Required work => The records follow. Print, word for word, the first line through the "Golden king pyramids view INN - Photo 25" line.
------------------------------------------------
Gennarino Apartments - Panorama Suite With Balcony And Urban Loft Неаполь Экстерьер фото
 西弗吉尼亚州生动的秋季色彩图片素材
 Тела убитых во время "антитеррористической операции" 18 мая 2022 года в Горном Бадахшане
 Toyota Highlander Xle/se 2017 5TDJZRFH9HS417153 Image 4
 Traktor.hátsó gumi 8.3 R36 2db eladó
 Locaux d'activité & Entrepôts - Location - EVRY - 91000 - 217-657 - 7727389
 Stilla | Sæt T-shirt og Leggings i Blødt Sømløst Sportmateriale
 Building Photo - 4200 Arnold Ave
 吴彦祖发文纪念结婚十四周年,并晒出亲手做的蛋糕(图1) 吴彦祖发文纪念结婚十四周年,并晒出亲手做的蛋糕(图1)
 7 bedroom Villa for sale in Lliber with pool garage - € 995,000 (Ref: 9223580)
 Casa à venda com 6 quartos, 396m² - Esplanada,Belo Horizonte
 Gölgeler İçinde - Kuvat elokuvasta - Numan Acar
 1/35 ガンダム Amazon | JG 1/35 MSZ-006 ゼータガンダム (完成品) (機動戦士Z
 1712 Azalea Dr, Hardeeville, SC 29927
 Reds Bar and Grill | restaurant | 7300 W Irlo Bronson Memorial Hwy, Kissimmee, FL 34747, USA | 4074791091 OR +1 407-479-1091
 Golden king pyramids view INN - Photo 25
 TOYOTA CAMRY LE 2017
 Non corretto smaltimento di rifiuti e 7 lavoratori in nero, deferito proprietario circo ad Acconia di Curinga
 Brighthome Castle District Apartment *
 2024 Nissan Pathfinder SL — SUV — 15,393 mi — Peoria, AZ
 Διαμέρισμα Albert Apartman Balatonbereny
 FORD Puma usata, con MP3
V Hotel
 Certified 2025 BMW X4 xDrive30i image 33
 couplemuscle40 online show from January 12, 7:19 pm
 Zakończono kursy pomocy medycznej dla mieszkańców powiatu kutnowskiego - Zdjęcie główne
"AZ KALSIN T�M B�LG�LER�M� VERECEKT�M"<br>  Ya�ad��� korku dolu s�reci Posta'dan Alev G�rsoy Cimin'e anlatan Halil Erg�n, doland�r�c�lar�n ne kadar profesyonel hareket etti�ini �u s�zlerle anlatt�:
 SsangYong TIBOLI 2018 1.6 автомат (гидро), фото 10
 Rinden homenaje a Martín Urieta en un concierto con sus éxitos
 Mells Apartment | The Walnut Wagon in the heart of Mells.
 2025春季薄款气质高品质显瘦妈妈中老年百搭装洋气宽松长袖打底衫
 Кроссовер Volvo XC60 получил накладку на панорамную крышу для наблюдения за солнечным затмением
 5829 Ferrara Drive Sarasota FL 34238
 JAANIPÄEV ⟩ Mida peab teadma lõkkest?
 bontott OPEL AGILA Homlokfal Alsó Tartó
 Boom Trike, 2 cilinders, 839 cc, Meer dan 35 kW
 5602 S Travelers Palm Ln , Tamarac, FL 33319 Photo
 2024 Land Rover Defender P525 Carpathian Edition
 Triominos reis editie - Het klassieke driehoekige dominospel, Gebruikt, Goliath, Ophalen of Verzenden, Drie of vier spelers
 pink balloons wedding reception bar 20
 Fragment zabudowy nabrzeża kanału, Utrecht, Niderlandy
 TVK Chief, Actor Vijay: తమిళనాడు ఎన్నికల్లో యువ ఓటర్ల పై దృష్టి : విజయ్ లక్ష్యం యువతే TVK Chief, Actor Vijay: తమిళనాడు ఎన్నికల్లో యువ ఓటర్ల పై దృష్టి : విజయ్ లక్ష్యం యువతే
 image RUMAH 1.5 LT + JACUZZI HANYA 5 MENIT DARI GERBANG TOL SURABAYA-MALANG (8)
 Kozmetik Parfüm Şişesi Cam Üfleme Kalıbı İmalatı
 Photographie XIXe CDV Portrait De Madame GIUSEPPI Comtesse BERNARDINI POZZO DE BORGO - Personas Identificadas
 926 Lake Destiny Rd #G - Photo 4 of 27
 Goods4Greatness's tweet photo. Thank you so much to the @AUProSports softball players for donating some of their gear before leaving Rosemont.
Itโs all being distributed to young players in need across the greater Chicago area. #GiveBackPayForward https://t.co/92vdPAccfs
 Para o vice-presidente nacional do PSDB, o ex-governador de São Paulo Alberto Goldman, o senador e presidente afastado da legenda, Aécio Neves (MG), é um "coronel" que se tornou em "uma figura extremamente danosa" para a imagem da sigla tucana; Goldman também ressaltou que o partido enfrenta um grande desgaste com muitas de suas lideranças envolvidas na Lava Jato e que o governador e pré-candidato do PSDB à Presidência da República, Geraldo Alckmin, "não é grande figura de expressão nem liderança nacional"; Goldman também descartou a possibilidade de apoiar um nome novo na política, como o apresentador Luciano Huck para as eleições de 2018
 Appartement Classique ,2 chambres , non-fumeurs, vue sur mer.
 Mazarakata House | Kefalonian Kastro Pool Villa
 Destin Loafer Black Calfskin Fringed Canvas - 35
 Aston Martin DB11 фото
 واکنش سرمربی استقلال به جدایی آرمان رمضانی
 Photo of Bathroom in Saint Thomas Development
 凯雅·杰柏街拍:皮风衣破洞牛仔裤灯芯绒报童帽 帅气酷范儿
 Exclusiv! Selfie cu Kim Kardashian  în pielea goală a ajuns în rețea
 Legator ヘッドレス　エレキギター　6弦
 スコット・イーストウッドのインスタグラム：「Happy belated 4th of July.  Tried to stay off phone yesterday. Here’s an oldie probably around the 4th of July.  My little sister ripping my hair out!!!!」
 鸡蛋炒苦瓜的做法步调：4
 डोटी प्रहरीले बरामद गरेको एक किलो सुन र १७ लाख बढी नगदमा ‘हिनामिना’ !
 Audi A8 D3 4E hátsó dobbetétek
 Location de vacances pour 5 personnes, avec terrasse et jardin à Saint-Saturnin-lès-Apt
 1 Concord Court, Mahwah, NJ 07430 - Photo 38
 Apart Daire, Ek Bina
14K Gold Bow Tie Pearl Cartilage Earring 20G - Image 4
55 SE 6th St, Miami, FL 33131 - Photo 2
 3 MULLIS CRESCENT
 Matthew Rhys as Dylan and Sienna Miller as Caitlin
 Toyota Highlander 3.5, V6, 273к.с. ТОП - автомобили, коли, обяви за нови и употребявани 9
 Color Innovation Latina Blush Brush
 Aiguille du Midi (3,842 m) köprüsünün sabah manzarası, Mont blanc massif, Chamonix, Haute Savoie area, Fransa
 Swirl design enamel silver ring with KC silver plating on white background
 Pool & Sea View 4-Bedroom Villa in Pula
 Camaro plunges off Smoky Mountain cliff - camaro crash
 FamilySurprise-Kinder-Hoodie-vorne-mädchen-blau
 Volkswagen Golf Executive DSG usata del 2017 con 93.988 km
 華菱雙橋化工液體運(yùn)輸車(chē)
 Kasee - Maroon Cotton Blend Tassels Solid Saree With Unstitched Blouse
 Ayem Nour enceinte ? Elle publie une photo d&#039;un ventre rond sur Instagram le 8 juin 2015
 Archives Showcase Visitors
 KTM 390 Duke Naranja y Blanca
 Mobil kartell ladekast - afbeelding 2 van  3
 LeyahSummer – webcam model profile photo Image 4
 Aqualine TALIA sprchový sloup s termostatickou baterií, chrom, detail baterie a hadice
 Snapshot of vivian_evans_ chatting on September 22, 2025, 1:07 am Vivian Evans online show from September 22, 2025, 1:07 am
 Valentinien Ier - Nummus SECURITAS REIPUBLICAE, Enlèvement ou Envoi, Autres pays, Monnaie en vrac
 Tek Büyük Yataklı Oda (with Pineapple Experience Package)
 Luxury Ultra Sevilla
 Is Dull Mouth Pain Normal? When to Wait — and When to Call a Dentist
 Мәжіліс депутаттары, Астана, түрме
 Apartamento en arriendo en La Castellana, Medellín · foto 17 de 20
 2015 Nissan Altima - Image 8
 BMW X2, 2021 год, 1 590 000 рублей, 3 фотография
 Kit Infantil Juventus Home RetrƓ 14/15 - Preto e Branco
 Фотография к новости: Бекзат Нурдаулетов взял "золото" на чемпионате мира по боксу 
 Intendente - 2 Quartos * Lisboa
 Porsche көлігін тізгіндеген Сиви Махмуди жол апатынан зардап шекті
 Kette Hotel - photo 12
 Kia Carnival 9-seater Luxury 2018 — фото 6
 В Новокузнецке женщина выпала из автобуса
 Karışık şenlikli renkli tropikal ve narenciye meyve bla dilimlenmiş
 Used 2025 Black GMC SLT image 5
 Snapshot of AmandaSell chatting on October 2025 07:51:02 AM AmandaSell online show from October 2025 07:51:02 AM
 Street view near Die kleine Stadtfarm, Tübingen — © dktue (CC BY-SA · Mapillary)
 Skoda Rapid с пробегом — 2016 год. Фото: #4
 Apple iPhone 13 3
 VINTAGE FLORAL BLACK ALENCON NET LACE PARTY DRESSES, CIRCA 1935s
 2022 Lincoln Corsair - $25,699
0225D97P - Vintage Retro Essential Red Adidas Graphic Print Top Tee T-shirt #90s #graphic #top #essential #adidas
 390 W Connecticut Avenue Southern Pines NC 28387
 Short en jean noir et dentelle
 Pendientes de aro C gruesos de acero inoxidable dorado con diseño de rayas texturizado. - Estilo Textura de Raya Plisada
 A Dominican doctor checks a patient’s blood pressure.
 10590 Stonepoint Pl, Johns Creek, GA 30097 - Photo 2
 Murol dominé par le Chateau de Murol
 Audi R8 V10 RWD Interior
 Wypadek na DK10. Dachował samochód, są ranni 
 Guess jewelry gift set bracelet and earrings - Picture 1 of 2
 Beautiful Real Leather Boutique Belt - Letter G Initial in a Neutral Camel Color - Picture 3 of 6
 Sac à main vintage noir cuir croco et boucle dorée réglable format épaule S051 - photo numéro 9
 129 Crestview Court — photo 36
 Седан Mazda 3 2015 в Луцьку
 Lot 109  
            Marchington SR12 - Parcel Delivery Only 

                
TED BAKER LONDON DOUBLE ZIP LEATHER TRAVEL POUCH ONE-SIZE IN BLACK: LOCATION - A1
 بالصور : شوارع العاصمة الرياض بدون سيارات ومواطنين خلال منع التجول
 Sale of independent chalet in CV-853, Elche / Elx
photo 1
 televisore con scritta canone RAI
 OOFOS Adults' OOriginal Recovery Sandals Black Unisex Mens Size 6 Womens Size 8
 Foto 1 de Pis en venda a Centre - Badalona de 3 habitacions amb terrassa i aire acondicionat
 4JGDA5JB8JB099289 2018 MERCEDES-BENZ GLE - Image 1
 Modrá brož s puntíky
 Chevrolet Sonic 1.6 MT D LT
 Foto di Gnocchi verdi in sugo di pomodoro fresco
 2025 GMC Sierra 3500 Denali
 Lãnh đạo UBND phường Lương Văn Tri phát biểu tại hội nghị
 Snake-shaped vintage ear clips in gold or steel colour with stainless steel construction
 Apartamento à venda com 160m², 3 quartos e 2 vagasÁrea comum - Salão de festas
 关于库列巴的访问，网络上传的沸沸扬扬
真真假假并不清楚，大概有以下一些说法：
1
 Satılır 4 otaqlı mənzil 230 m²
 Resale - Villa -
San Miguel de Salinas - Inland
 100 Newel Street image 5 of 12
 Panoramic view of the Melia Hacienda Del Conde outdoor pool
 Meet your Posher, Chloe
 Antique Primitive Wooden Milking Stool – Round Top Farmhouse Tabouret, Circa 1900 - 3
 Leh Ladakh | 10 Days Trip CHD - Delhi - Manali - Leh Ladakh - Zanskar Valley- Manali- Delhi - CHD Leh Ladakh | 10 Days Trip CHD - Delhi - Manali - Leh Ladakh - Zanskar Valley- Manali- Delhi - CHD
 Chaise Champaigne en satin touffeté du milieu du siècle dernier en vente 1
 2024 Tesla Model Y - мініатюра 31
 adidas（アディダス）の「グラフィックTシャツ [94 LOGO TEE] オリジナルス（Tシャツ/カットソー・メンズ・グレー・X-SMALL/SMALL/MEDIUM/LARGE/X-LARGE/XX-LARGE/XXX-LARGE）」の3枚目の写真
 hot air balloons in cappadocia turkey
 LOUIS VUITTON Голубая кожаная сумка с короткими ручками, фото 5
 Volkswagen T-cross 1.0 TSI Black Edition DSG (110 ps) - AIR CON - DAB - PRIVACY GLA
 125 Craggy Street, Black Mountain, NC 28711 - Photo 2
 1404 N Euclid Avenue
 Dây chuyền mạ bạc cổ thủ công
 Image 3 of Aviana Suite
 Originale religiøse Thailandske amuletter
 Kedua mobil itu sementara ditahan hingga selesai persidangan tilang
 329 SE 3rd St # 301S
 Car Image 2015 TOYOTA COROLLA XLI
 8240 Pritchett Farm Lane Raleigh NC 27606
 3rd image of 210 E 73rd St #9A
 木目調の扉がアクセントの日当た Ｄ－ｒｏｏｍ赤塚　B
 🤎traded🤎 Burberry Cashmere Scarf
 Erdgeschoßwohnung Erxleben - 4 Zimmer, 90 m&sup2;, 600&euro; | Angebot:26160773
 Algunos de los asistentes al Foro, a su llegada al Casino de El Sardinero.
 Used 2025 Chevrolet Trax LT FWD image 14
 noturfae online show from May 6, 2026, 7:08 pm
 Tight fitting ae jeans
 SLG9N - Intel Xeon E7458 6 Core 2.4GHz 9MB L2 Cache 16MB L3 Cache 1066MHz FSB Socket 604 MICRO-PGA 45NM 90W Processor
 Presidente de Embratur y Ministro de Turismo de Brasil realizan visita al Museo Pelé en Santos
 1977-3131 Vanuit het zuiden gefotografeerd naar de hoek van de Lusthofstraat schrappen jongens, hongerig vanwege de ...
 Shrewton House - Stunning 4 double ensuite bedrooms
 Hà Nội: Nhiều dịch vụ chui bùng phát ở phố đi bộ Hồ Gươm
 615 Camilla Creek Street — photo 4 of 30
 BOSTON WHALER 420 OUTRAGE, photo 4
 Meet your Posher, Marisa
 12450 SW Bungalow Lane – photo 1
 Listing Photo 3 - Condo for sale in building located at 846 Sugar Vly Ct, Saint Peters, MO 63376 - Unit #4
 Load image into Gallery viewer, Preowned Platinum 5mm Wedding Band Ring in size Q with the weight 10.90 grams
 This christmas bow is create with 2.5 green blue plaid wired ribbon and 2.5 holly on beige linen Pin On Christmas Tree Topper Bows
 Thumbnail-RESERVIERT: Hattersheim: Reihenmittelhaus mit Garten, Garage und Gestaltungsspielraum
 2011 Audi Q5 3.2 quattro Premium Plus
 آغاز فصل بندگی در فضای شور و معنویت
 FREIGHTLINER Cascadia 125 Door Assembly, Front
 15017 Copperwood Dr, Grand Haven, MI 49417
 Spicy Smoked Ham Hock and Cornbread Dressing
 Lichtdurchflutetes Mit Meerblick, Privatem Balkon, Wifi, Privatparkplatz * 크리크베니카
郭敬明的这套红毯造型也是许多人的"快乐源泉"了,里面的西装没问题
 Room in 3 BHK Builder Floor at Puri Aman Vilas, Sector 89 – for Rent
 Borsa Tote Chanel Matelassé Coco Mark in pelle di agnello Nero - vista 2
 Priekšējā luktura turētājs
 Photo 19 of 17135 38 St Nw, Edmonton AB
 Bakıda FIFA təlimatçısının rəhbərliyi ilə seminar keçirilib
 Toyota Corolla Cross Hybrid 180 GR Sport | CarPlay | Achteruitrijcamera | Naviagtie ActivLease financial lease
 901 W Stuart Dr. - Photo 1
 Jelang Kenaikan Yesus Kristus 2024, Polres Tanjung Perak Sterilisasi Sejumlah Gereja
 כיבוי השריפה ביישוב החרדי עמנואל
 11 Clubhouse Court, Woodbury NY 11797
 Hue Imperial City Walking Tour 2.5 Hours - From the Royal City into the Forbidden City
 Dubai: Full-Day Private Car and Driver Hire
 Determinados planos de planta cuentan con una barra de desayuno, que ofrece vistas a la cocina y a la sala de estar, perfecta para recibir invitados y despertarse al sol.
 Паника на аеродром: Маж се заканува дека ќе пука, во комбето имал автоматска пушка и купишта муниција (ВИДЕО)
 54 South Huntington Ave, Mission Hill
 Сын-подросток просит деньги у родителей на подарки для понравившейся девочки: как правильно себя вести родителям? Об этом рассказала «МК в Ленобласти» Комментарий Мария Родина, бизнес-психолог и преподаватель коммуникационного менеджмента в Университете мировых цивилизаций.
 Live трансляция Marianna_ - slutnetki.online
------------------------------------------------
Task solution =>
Gennarino Apartments - Panorama Suite With Balcony And Urban Loft Неаполь Экстерьер фото
 西弗吉尼亚州生动的秋季色彩图片素材
 Тела убитых во время "антитеррористической операции" 18 мая 2022 года в Горном Бадахшане
 Toyota Highlander Xle/se 2017 5TDJZRFH9HS417153 Image 4
 Traktor.hátsó gumi 8.3 R36 2db eladó
 Locaux d'activité & Entrepôts - Location - EVRY - 91000 - 217-657 - 7727389
 Stilla | Sæt T-shirt og Leggings i Blødt Sømløst Sportmateriale
 Building Photo - 4200 Arnold Ave
 吴彦祖发文纪念结婚十四周年,并晒出亲手做的蛋糕(图1) 吴彦祖发文纪念结婚十四周年,并晒出亲手做的蛋糕(图1)
 7 bedroom Villa for sale in Lliber with pool garage - € 995,000 (Ref: 9223580)
 Casa à venda com 6 quartos, 396m² - Esplanada,Belo Horizonte
 Gölgeler İçinde - Kuvat elokuvasta - Numan Acar
 1/35 ガンダム Amazon | JG 1/35 MSZ-006 ゼータガンダム (完成品) (機動戦士Z
 1712 Azalea Dr, Hardeeville, SC 29927
 Reds Bar and Grill | restaurant | 7300 W Irlo Bronson Memorial Hwy, Kissimmee, FL 34747, USA | 4074791091 OR +1 407-479-1091
 Golden king pyramids view INN - Photo 25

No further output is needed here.